[ABOUT THIS EXERCISE] Look below for the line that has "Dulux Easycare Bathroom". Set down the lines from there through the line that has "COSY HOMEER 48x20", exactly as written.

[RECORDS FOR THE TASK]
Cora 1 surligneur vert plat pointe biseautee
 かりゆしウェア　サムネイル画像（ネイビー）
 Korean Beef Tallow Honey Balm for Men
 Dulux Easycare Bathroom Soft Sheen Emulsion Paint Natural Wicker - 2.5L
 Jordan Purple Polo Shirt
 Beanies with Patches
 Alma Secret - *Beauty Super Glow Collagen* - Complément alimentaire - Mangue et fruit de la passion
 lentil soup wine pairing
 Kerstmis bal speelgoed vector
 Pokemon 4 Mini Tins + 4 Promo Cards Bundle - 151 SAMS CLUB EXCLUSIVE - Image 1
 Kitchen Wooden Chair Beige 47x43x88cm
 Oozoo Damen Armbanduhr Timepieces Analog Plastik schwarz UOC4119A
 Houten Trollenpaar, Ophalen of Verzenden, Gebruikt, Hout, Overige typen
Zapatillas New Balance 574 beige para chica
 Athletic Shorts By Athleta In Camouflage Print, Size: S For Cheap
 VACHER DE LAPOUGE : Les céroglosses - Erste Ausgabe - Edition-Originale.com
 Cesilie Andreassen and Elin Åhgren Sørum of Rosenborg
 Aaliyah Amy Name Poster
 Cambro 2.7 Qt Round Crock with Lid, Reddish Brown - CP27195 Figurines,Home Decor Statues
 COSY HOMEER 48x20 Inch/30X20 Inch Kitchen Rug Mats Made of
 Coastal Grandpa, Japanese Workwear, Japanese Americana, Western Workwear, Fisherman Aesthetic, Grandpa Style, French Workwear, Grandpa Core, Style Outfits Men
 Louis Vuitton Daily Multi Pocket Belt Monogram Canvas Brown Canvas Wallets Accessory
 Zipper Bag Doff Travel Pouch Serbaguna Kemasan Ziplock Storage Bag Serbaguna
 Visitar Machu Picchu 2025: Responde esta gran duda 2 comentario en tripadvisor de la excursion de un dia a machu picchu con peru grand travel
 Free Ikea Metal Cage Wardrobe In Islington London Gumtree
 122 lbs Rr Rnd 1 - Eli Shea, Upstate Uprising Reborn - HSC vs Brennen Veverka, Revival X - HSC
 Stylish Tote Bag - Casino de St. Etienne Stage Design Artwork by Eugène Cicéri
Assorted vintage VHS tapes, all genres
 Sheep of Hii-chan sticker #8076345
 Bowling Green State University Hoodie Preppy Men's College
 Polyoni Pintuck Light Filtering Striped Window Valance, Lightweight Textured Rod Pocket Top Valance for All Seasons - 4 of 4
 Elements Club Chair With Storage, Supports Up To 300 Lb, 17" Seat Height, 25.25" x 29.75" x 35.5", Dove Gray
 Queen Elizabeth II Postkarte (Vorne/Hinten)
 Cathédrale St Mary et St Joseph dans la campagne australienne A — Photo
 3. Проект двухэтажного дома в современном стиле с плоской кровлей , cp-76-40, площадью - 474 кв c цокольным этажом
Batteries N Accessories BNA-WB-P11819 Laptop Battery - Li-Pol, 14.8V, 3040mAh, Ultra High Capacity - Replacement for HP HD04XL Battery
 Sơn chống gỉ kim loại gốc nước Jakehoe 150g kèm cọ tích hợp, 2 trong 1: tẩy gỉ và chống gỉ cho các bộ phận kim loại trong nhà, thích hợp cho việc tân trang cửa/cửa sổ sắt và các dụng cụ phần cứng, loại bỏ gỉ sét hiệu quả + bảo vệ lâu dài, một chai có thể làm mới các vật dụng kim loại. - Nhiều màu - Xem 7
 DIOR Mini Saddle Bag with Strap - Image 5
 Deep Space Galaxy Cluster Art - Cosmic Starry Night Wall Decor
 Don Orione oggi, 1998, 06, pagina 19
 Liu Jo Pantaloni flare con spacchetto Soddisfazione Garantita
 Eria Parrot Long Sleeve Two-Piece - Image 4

[TASK RESPONSE]
 Dulux Easycare Bathroom Soft Sheen Emulsion Paint Natural Wicker - 2.5L
 Jordan Purple Polo Shirt
 Beanies with Patches
 Alma Secret - *Beauty Super Glow Collagen* - Complément alimentaire - Mangue et fruit de la passion
 lentil soup wine pairing
 Kerstmis bal speelgoed vector
 Pokemon 4 Mini Tins + 4 Promo Cards Bundle - 151 SAMS CLUB EXCLUSIVE - Image 1
 Kitchen Wooden Chair Beige 47x43x88cm
 Oozoo Damen Armbanduhr Timepieces Analog Plastik schwarz UOC4119A
 Houten Trollenpaar, Ophalen of Verzenden, Gebruikt, Hout, Overige typen
Zapatillas New Balance 574 beige para chica
 Athletic Shorts By Athleta In Camouflage Print, Size: S For Cheap
 VACHER DE LAPOUGE : Les céroglosses - Erste Ausgabe - Edition-Originale.com
 Cesilie Andreassen and Elin Åhgren Sørum of Rosenborg
 Aaliyah Amy Name Poster
 Cambro 2.7 Qt Round Crock with Lid, Reddish Brown - CP27195 Figurines,Home Decor Statues
 COSY HOMEER 48x20 Inch/30X20 Inch Kitchen Rug Mats Made of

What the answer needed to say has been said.